Material provided:
···
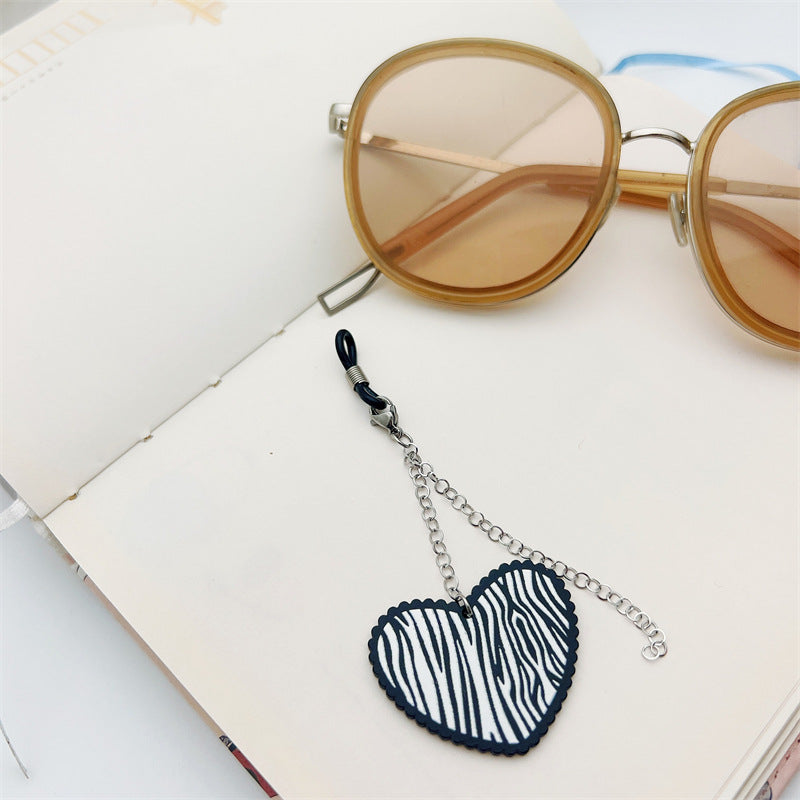 Heart-Designed Eyewear Chain Holder Bowlift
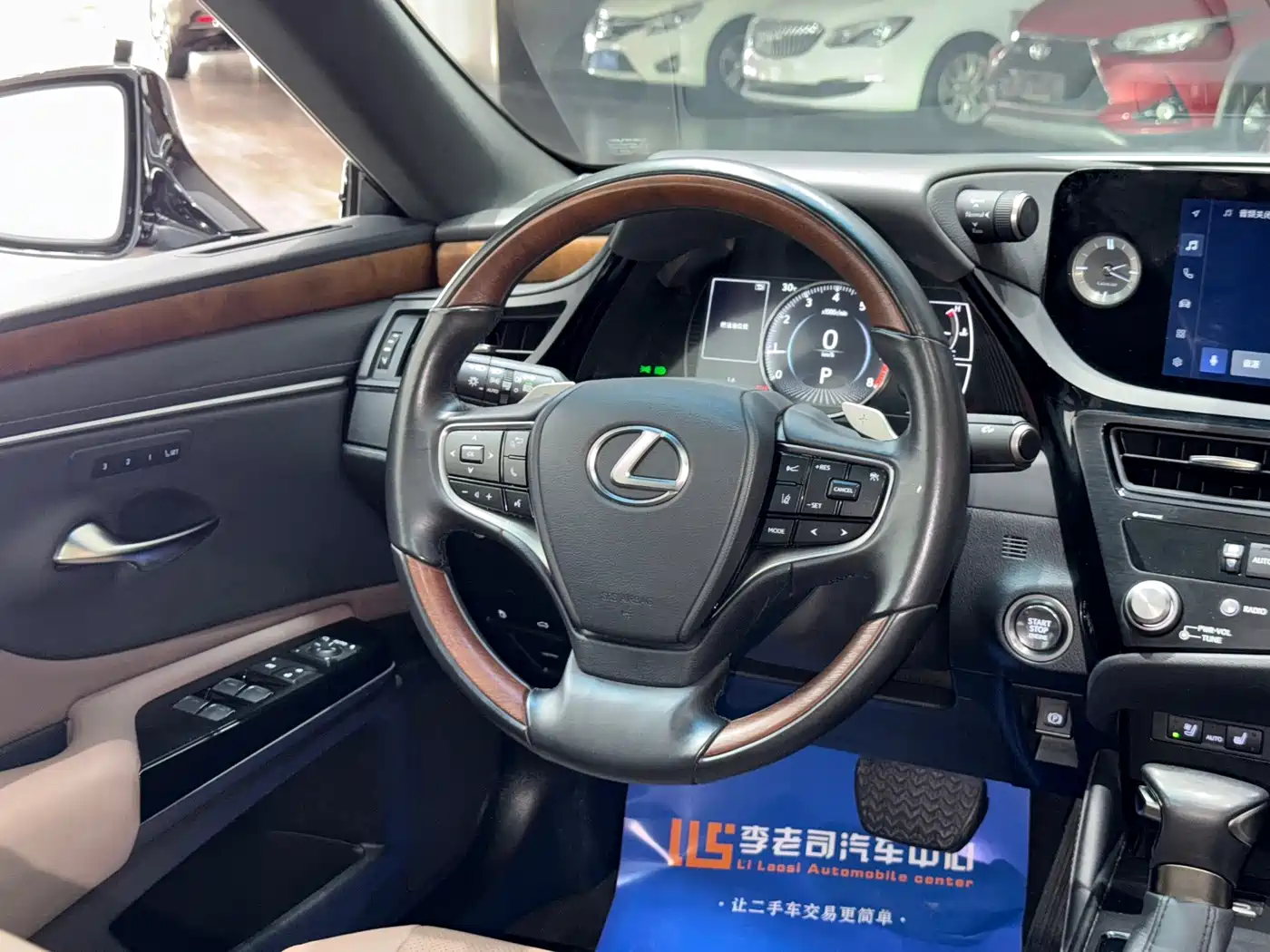 Фото 11 - Lexus ES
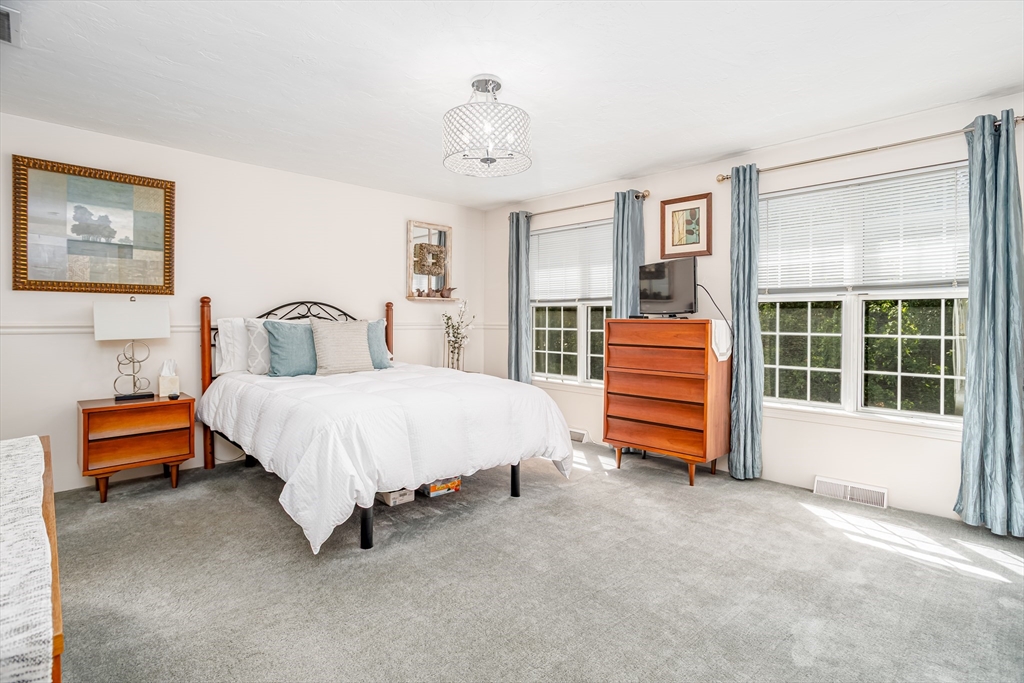 920 Ridgefield Circle, Unit 920B Clinton, MA 01510 - Photo 16 of 33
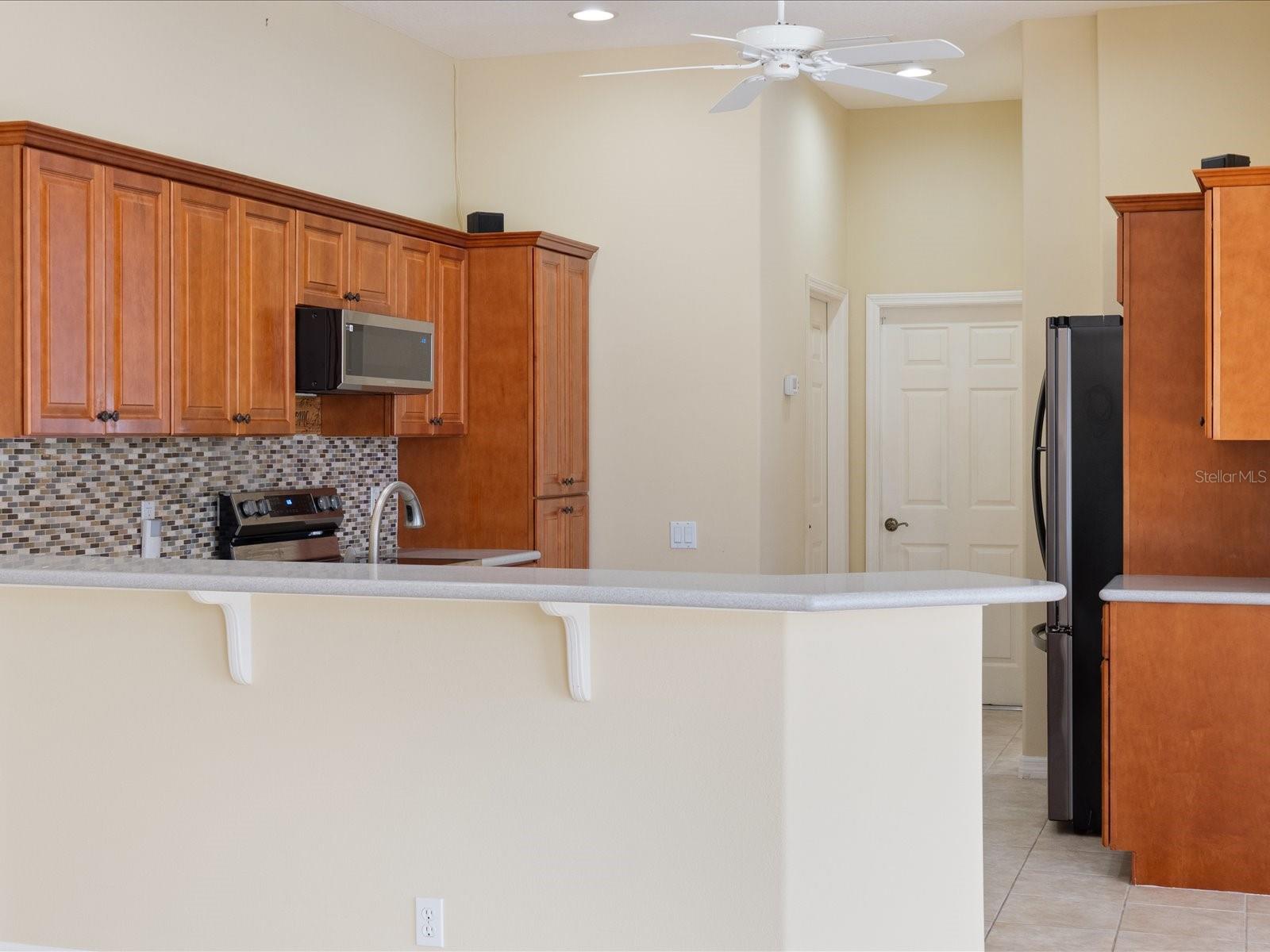 Image 8 of 51 For 857 Macaw Circle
···
Your instructions: Every line above is to be duplicated exactly; no picture should be carried over.

Solution to this task:
 Heart-Designed Eyewear Chain Holder Bowlift
 Фото 11 - Lexus ES
 920 Ridgefield Circle, Unit 920B Clinton, MA 01510 - Photo 16 of 33
 Image 8 of 51 For 857 Macaw Circle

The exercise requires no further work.